▶ Data for this exercise
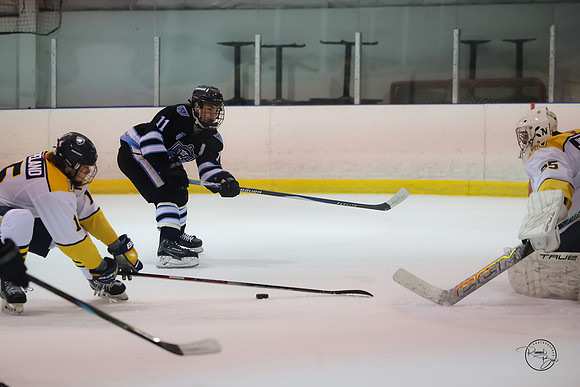 20251111 Neuqua Valley Varsity-48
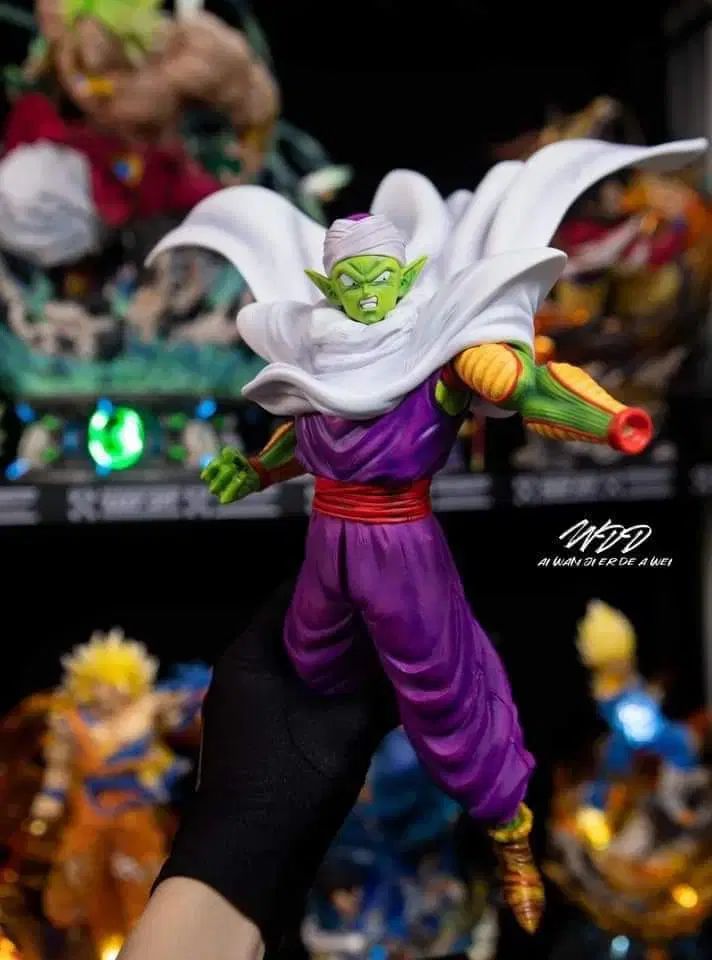 ドラゴンボール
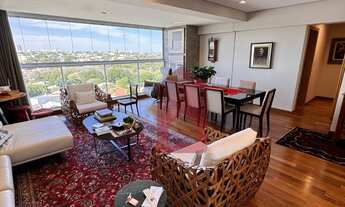 Imagem 2: Acabamento de alto padrão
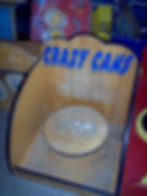 Carnival Game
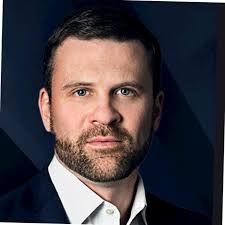 Matt Westbrook Email & Phone Number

▶ Activity
Repeat every entry above word for word, and include no pictures.

▶ Answer to the problem
 20251111 Neuqua Valley Varsity-48
 ドラゴンボール
 Imagem 2: Acabamento de alto padrão
 Carnival Game
 Matt Westbrook Email & Phone Number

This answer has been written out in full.